[Supplied data]
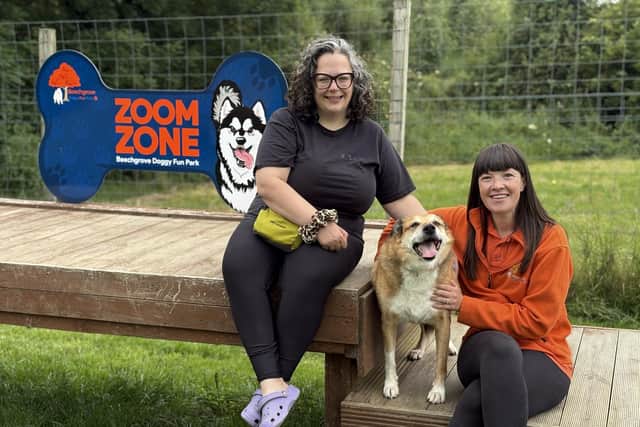 Rosie with Jill and Paula from Beechgrove Doggy Fun Park.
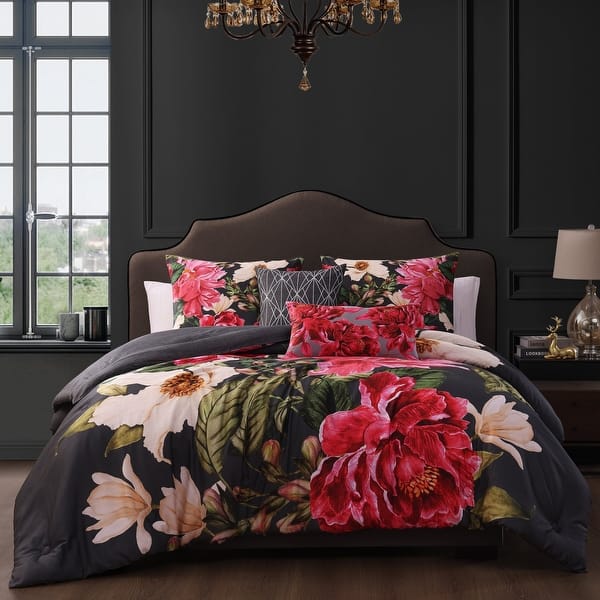 Bebejan Flower Garland 220 Thread Count 100% Cotton Sateen 5 Piece Reversible Comforter Set - Queen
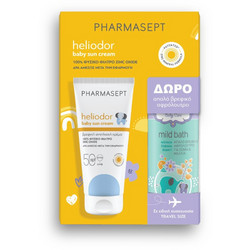 Pharmasept Heliodor Baby Sun Cream Care SPF50 100ml + Baby Care Mild Bath 100ml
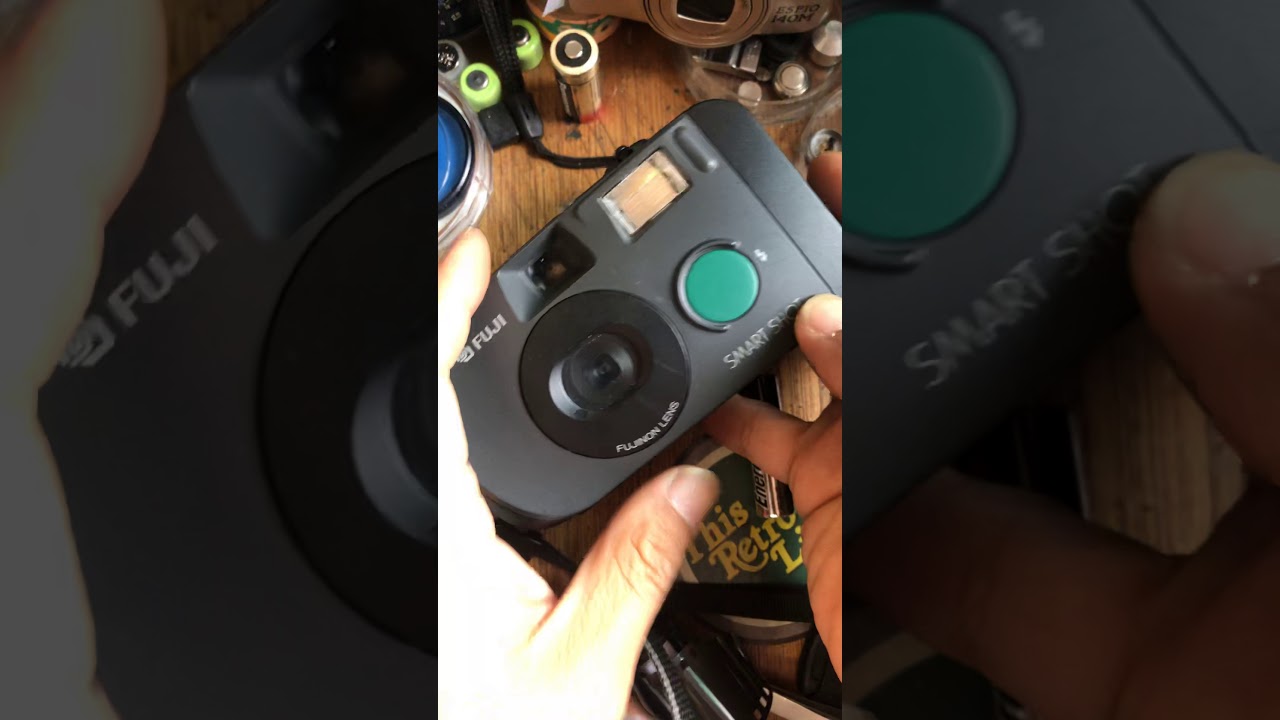 1994 fujifilm smart shot film camera operation video 후지 스마트 샷 필름 카메라 고정 포커스 카메라 사용법 필름 넣는 법 되감기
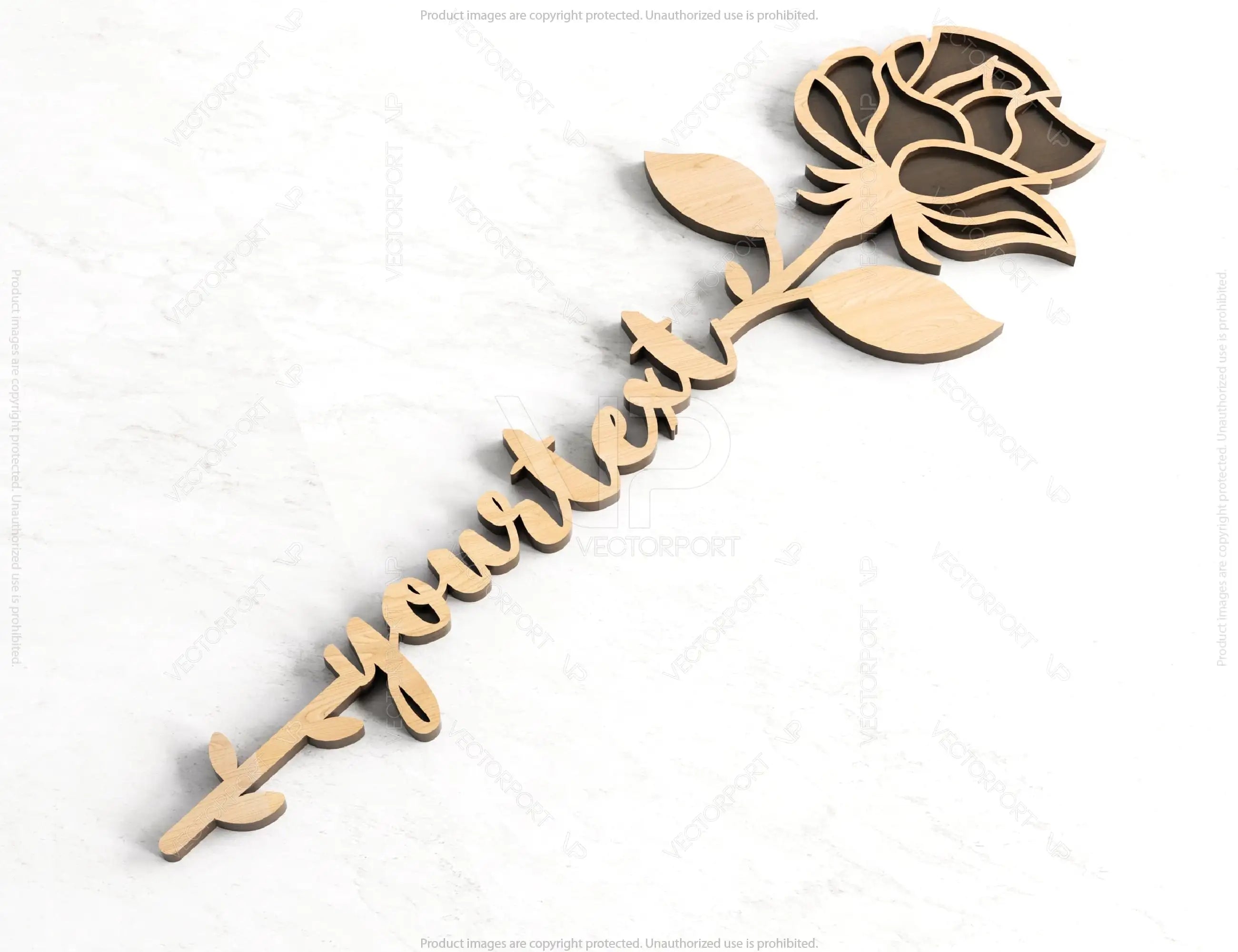 Rose - Laser Cut Personalized Out Art Valentine Day Acrylic wood Flower with name editable Cut Files |#U032|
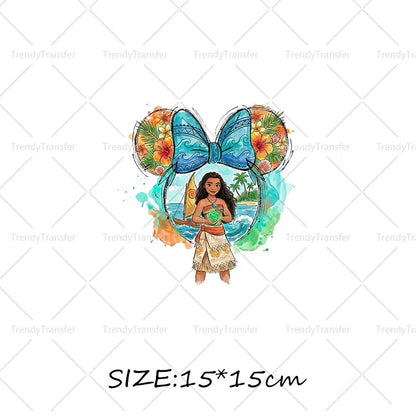 Mouse Head Princess Iron on Transfers for Clothes Heat Press Stickers Thermal Patches on Tees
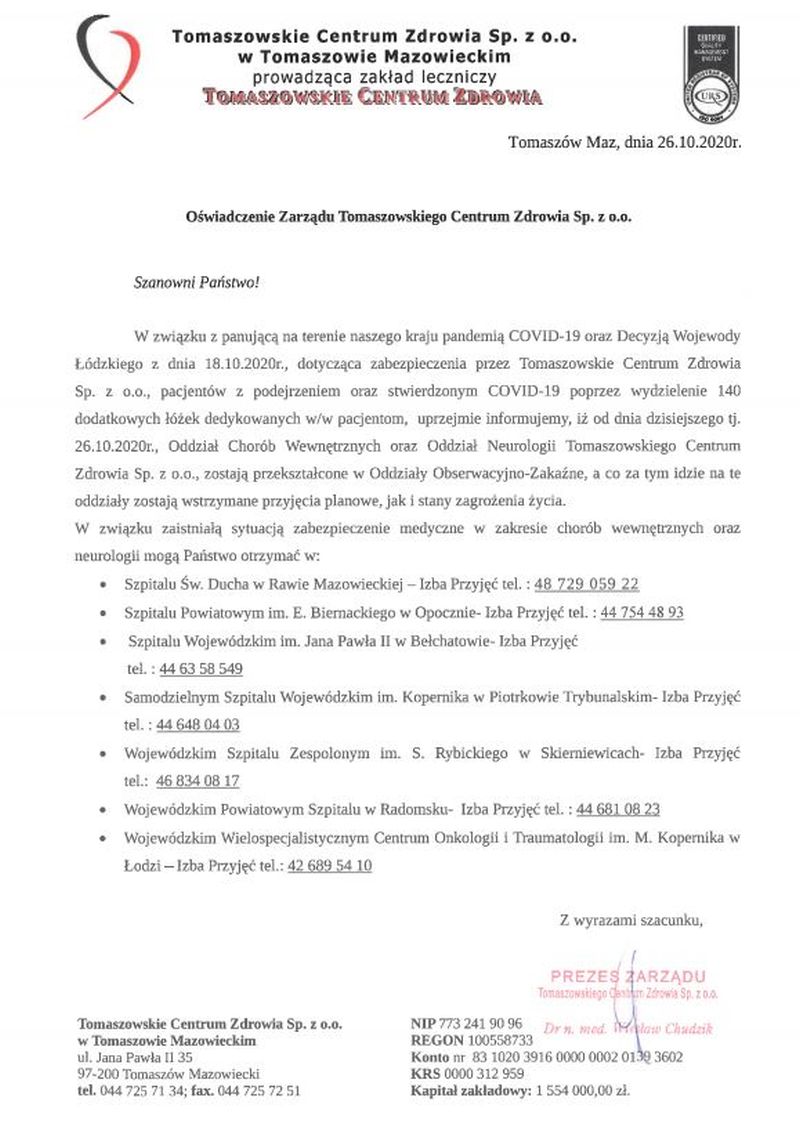 Oświadczenie Zarządu Tomaszowskiego Centrum Zdrowia Sp. z o.o.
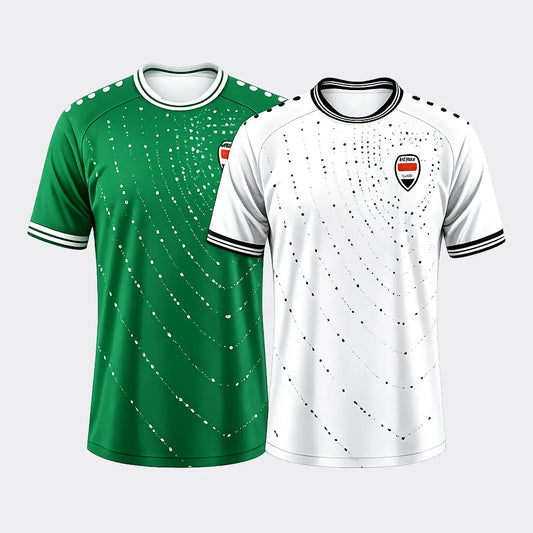 2026 Iraq Style Football Jersey, Lightweight Quick Dry Breathable Sports Tee, Green White Soccer Fan Shirt Streetwear Top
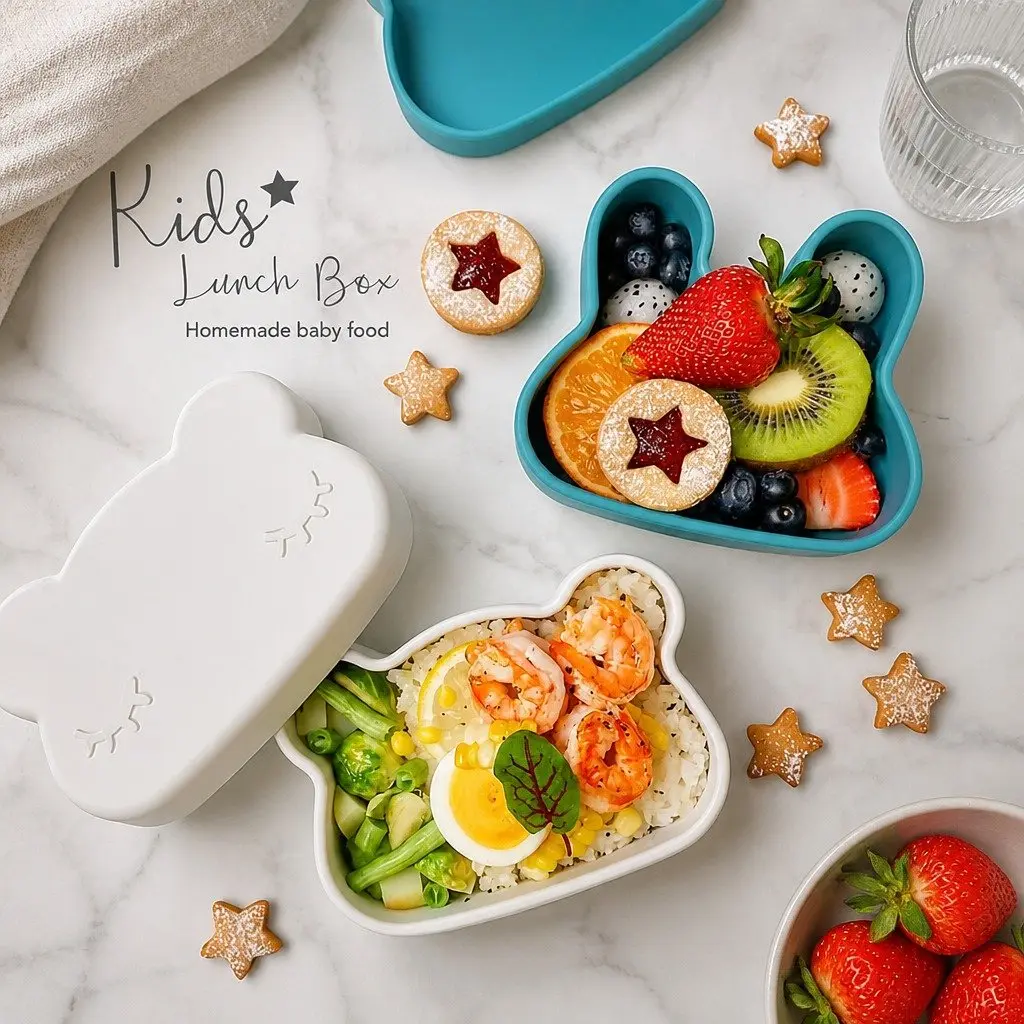 Silicone Bowl Plate Rust Toddler On-The-Go Snacking Travel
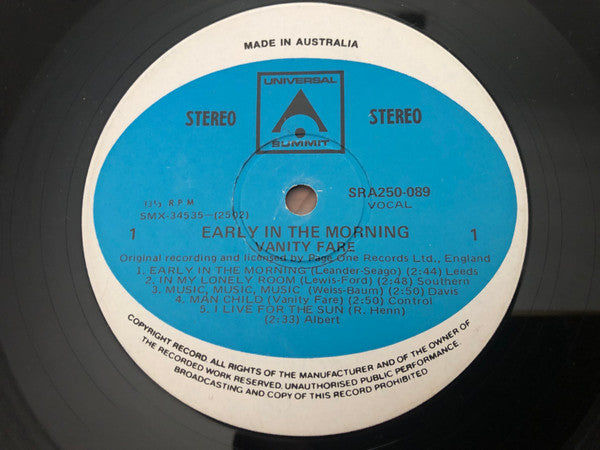 Vanity Fare : Early In The Morning (LP, Album)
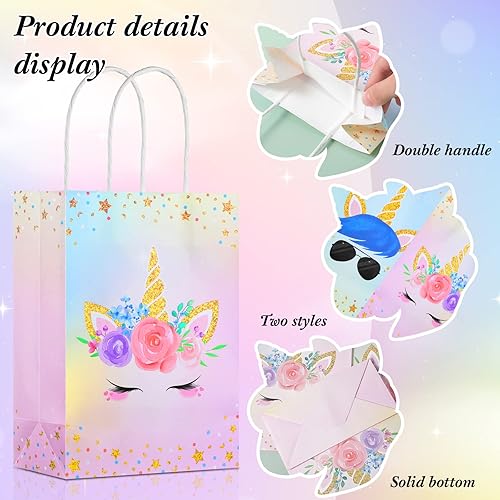 Miniatura 4 de 16 bolsas de unicornio para fiesta con asas, bolsas de regalo de unicornio para regalos de fiesta de cumpleaños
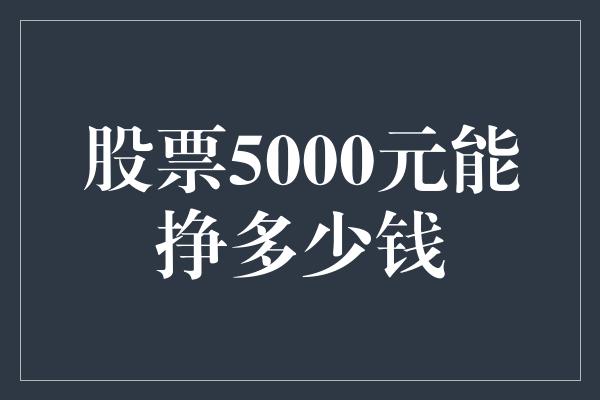 股票5000元能挣多少钱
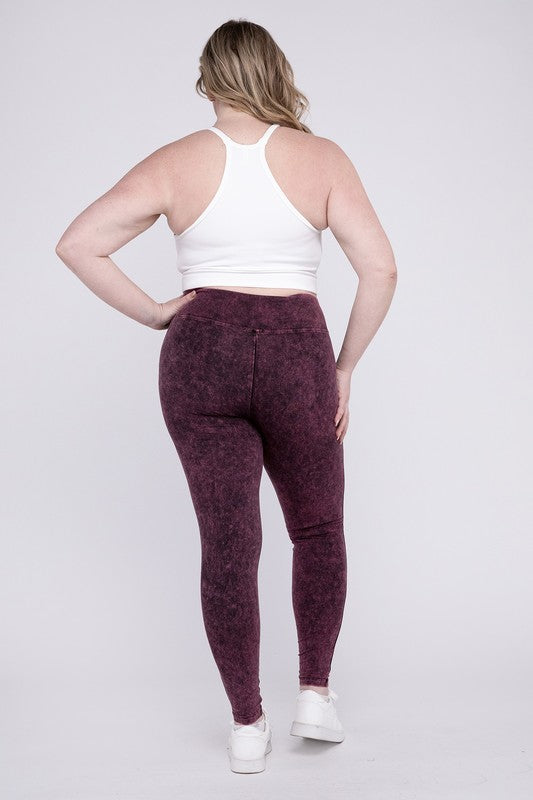 Hi Curvy Plus Size Women Mineral Washed Wide Waistband Yoga Leggings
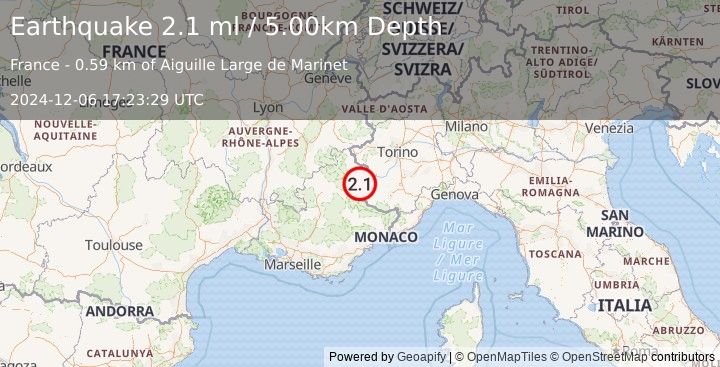 Earthquake FRANCE (2.1 ml) (2024-12-06 17:23:29 UTC)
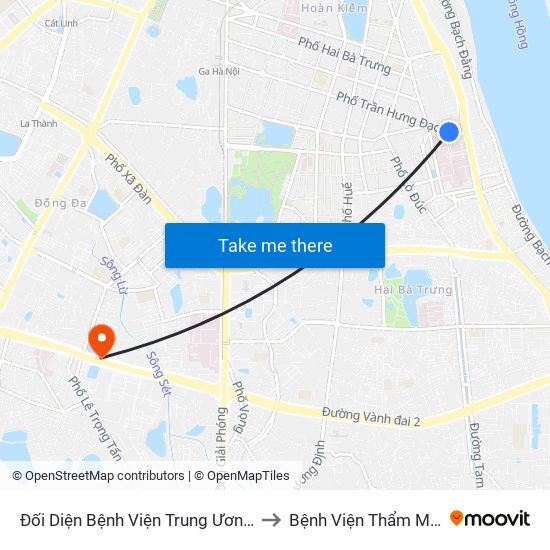 Đối Diện Bệnh Viện Trung Ương Quân Đội 108 - Trần Hưng Đạo to Bệnh Viện Thẩm Mỹ Kangnam Hàn Quốc map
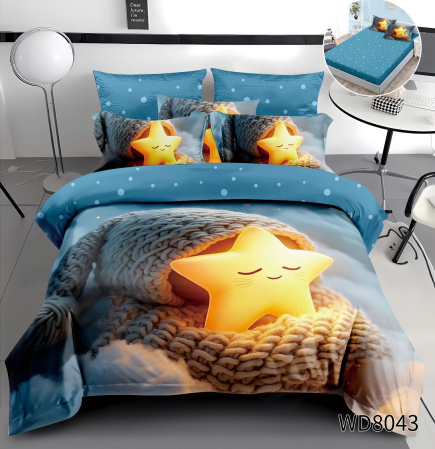 Cearceaf cu elastic 4 piese - Lenjerie De Pat Finet 4 Piese Cu Elastic 5D In Relief - Steluta Luminoasa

[Activity]
The listing should be transcribed exactly. No picture is to appear in the transcription.

[Answer to the problem]
 Rosie with Jill and Paula from Beechgrove Doggy Fun Park.
 Bebejan Flower Garland 220 Thread Count 100% Cotton Sateen 5 Piece Reversible Comforter Set - Queen
 Pharmasept Heliodor Baby Sun Cream Care SPF50 100ml + Baby Care Mild Bath 100ml
 1994 fujifilm smart shot film camera operation video 후지 스마트 샷 필름 카메라 고정 포커스 카메라 사용법 필름 넣는 법 되감기
 Rose - Laser Cut Personalized Out Art Valentine Day Acrylic wood Flower with name editable Cut Files |#U032|
 Mouse Head Princess Iron on Transfers for Clothes Heat Press Stickers Thermal Patches on Tees
 Oświadczenie Zarządu Tomaszowskiego Centrum Zdrowia Sp. z o.o.
 2026 Iraq Style Football Jersey, Lightweight Quick Dry Breathable Sports Tee, Green White Soccer Fan Shirt Streetwear Top
 Silicone Bowl Plate Rust Toddler On-The-Go Snacking Travel
 Vanity Fare : Early In The Morning (LP, Album)
 Miniatura 4 de 16 bolsas de unicornio para fiesta con asas, bolsas de regalo de unicornio para regalos de fiesta de cumpleaños
 股票5000元能挣多少钱
 Hi Curvy Plus Size Women Mineral Washed Wide Waistband Yoga Leggings
 Earthquake FRANCE (2.1 ml) (2024-12-06 17:23:29 UTC)
 Đối Diện Bệnh Viện Trung Ương Quân Đội 108 - Trần Hưng Đạo to Bệnh Viện Thẩm Mỹ Kangnam Hàn Quốc map
 Cearceaf cu elastic 4 piese - Lenjerie De Pat Finet 4 Piese Cu Elastic 5D In Relief - Steluta Luminoasa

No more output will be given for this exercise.